● REQUIRED ACTION: Copy the records below line by line and word for word, from the very first line through the line with "Hello viewers, welcome", omitting each picture.

● DATA FOR THE TASK:
-*-

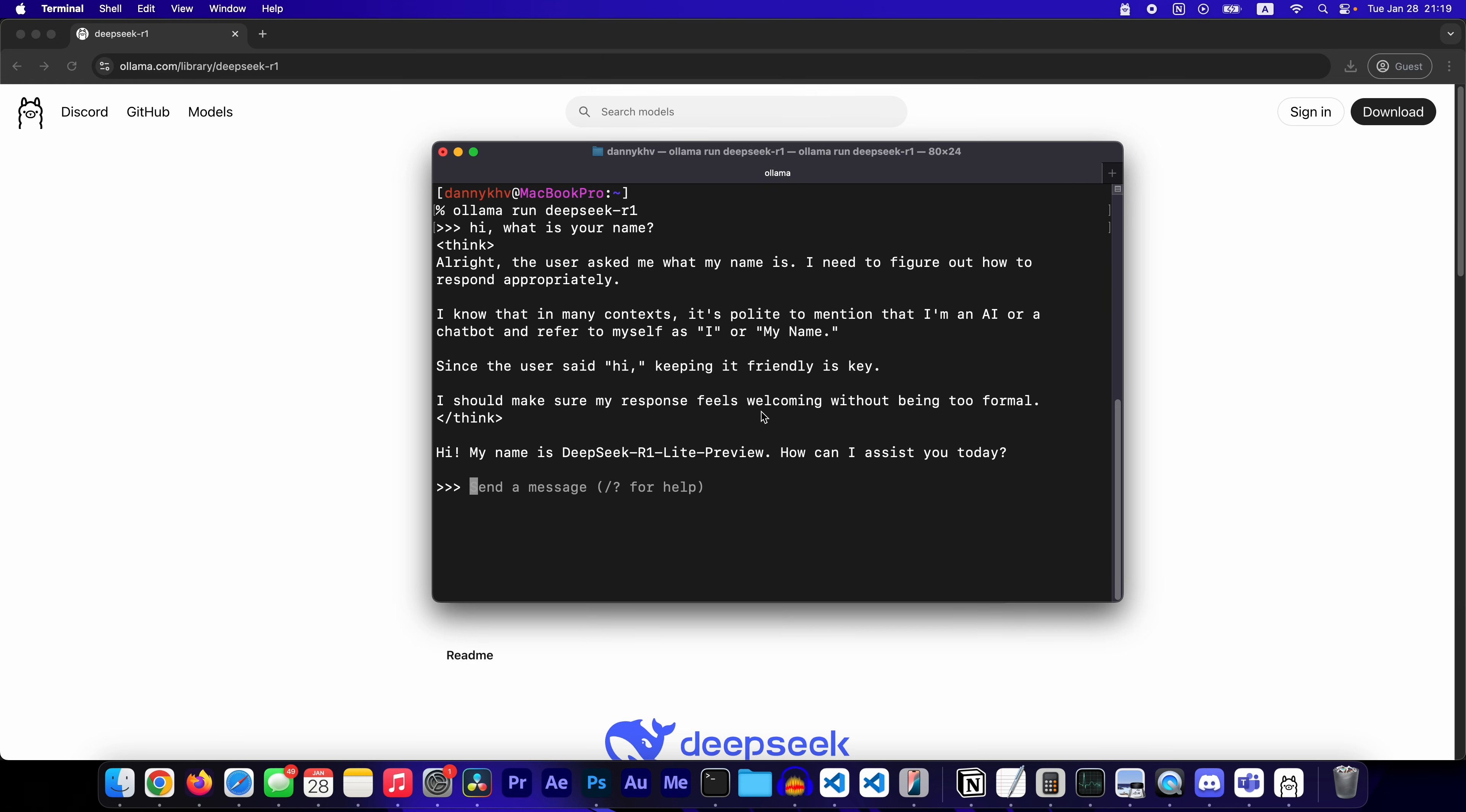And that's how you set up DeepSeek Card 1 on your computer in under two minutes. Hope you enjoyed. Leave a like and subscribe. And I'll see you in the next one. Peace.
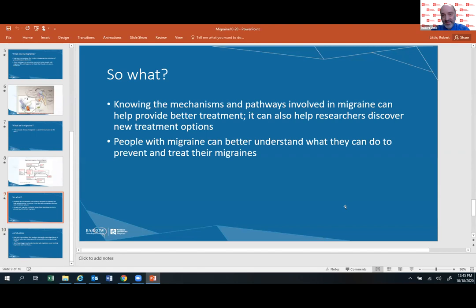What does this have to do with someone who has migraine and what can they do? Knowing the mechanisms and pathways involved in migraine can help provide better treatment. If you're taking care of someone with migraine, knowing how medications and other approaches impact these pathways is very important. If you're doing research, knowing these underlying pathways can help discover newer treatment options — there are good examples with recent FDA-approved medications for migraine. And if you have migraines, knowing what triggers these pathways and how they can be modulated can help you manage your headaches better.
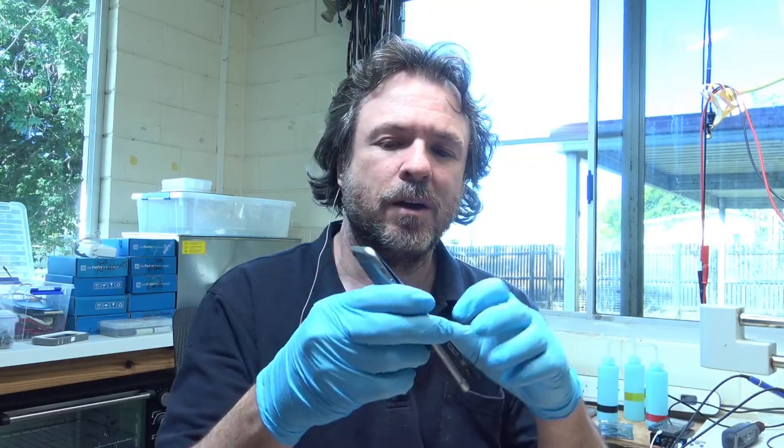Got a bit of a retro repair today. We've got ourselves an iPhone 6. This one is actually one that's been here before. It had a battery replacement and a couple of other things, but now it's turned up dead.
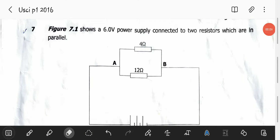Hello viewers, welcome to this video. In this video, we will be looking at the November 2016 Science Paper 1, Section B, Question 7.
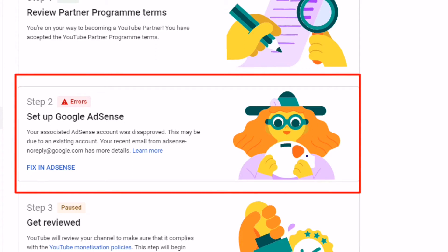If you applied for an AdSense account for your YouTube channel and it got rejected — I got rejected three to four times, and on the fifth attempt my AdSense account got approved. In this video I will share why my channel was getting rejected continuously for AdSense.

-*-

● SOLUTION:
And that's how you set up DeepSeek Card 1 on your computer in under two minutes. Hope you enjoyed. Leave a like and subscribe. And I'll see you in the next one. Peace.
What does this have to do with someone who has migraine and what can they do? Knowing the mechanisms and pathways involved in migraine can help provide better treatment. If you're taking care of someone with migraine, knowing how medications and other approaches impact these pathways is very important. If you're doing research, knowing these underlying pathways can help discover newer treatment options — there are good examples with recent FDA-approved medications for migraine. And if you have migraines, knowing what triggers these pathways and how they can be modulated can help you manage your headaches better.
Got a bit of a retro repair today. We've got ourselves an iPhone 6. This one is actually one that's been here before. It had a battery replacement and a couple of other things, but now it's turned up dead.
Hello viewers, welcome to this video. In this video, we will be looking at the November 2016 Science Paper 1, Section B, Question 7.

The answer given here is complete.